[Web4lib] How to label the OPAC (was: Role of the OPAC)

John Kupersmith jkup at jkup.net
Sat Jul 23 14:03:56 EDT 2005


Regarding the issue of whether to label the OPAC as "library catalog" or 
"find books" (or some variations on those), there are some patterns in 
results taken from 28 usability studies:
< http://www.jkup.net/terms-studies.html >

"Catalog", like other traditional library tool names, tends to be cited 
more often as problematic, but some studies report success with it.  When 
modified by additional terms (e.g., "Books and more", "What we own") it 
tends to do better.

"Find books" and other target-oriented terms tend to do quite well for 
leading users to the types of material mentioned in the label.

Of course, much depends on what user population was involved, how the 
questions were phrased, and what terminology was currently used on the site 
being tested.  As David Walker points out, terms like "catalog" may work 
better with experienced users, but natural language terms such as "find 
books" may work for a broader spectrum of users.

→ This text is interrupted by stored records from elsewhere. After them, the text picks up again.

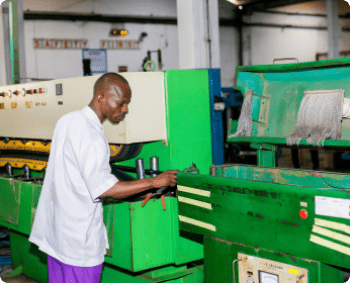 Nigerchin technicians working with machines in the factory - Nigerchin is the Leading Cables and Wire Manufacturer in Nigeria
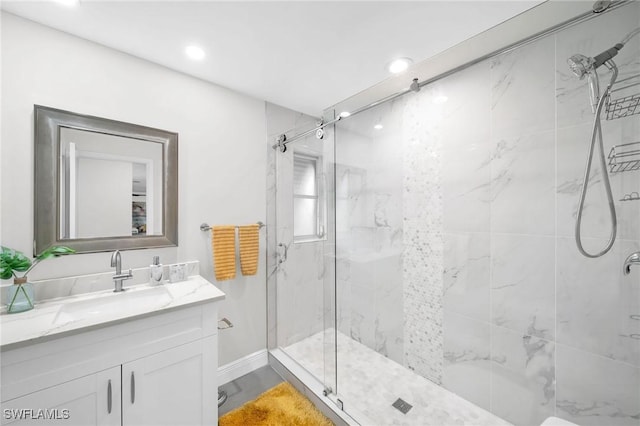 bathroom featuring vanity and an enclosed shower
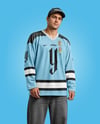 Man Wearing Ice Hockey Jersey and Cap Mockup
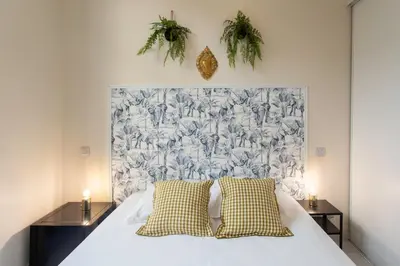 a white bed with two pillows in a bedroom at #3 Mascoinat 1BDR Old Town, near beach Fan & WIFI in Nice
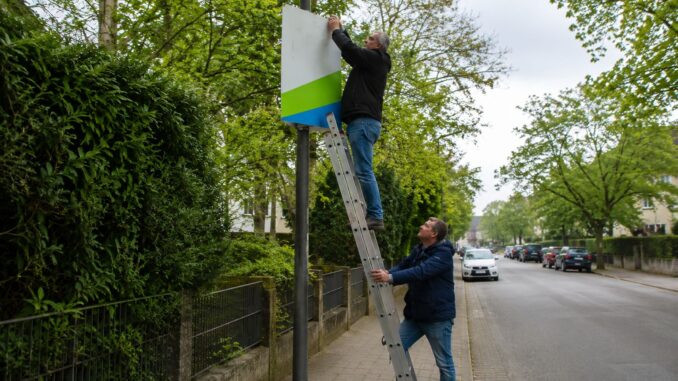 AI-illustratie van twee mannen die een verkiezingsposter aan een lantaarnpaal ophangen in een woonstraat in aanloop naar de deelstaatverkiezingen in Saksen-Anhalt.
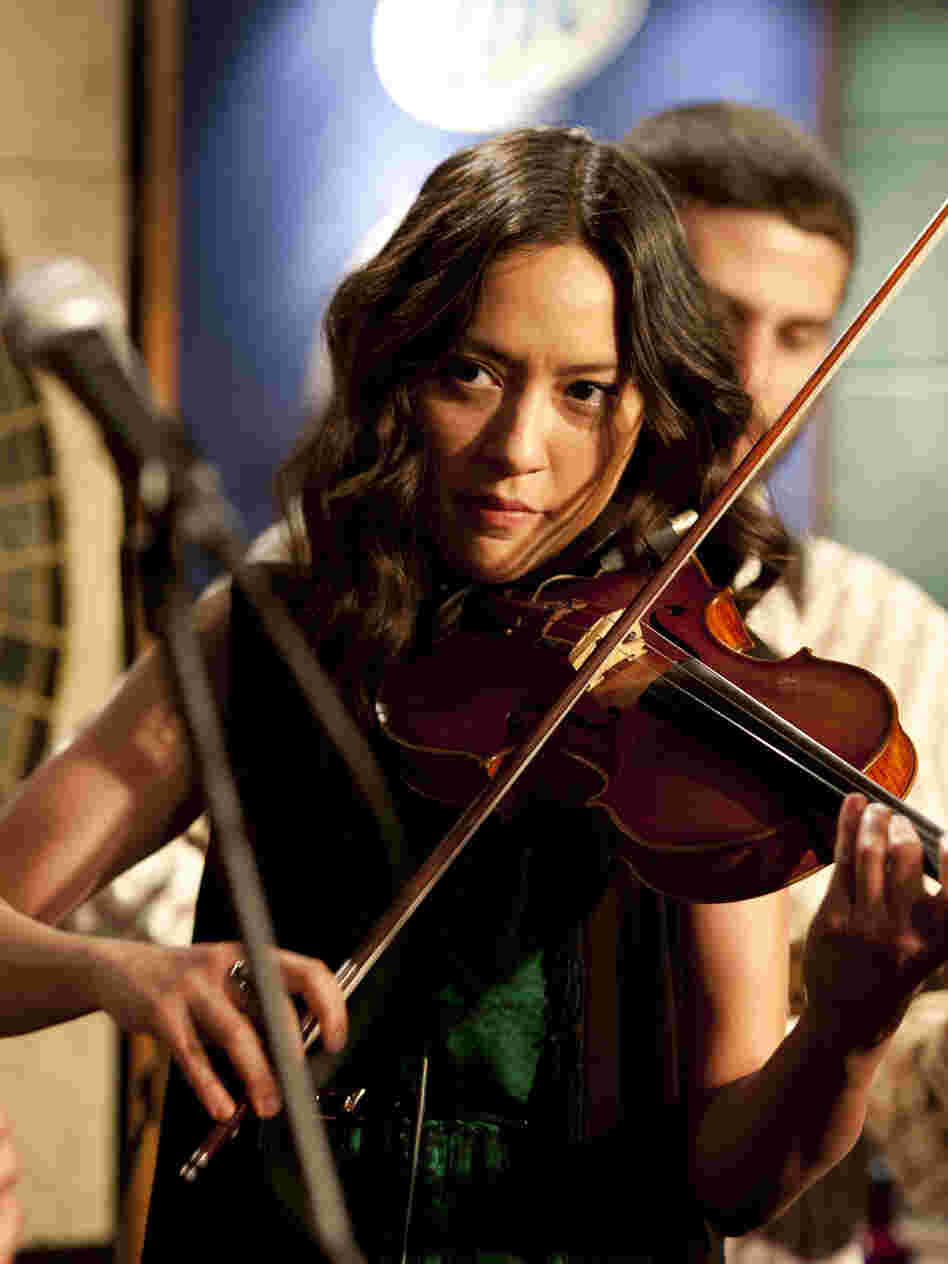 Annie (Lucia Micarelli) invited her parents to see her latest gig.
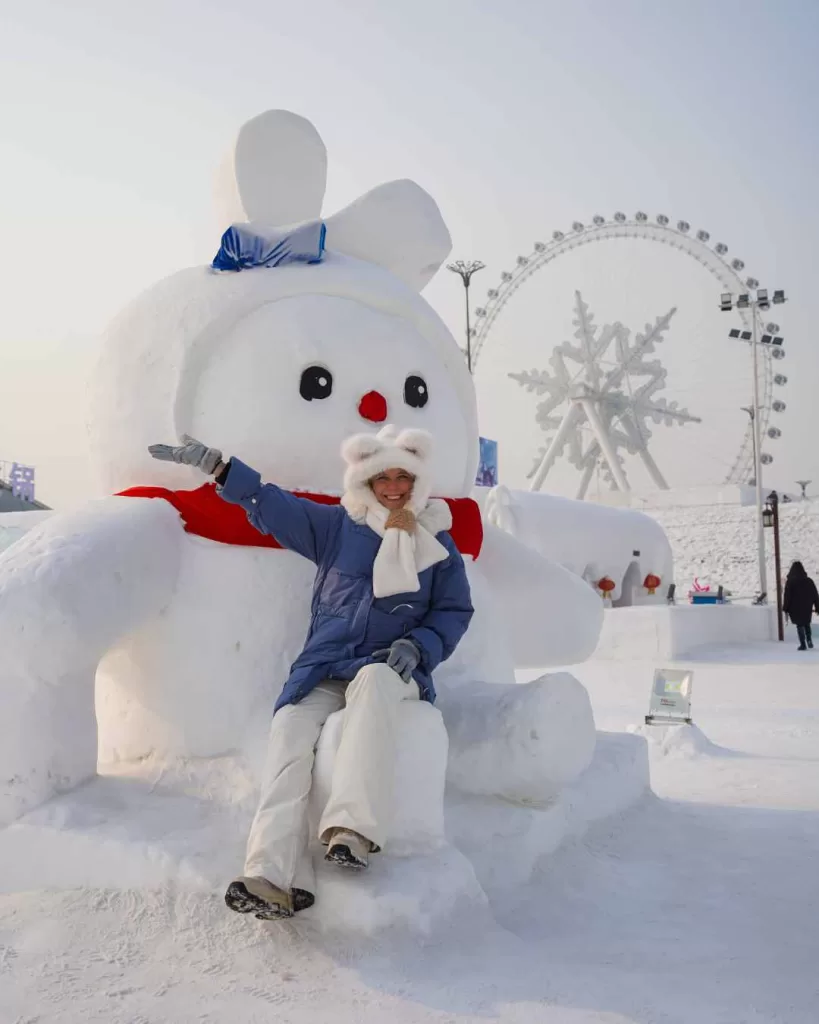 Harbin Snow and Ice Festival Image of snowman and snowflake ferris wheel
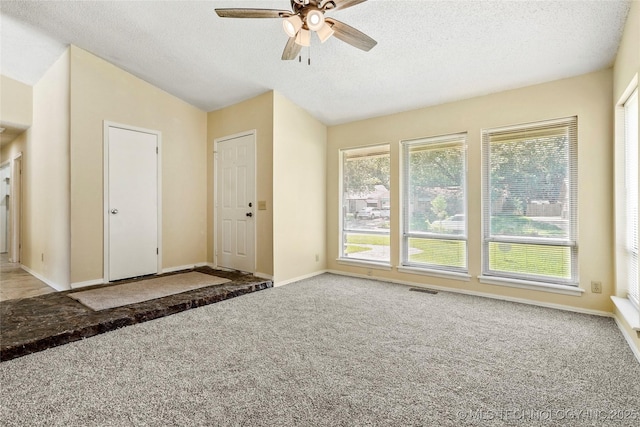 14127 E 24th Pl, Tulsa, OK 74134 - empty room with carpet floors, ceiling fan, a textured ceiling, and vaulted ceiling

Librarians' discussions of traditional vs. popular terminology tend to get 
polarized, but in fact it's not an either/or situation.  Possibilities include:

* Combining "catalog" with other terms and/or graphics that amplify its 
meaning.
Examples:
University of Arizona < http://www.library.arizona.edu/ >
Cal State San Marcos < http://library.csusm.edu/ >
UC Berkeley Music Library < http://www.lib.berkeley.edu/MUSI/ >

* Including both "catalog" and "find" links to provide both convenient 
links for experts and a learning path for novice users.  "Find books" can 
also lead to a selection of options other than the catalog.
Example:
UC Berkeley < http://www.lib.berkeley.edu/ >.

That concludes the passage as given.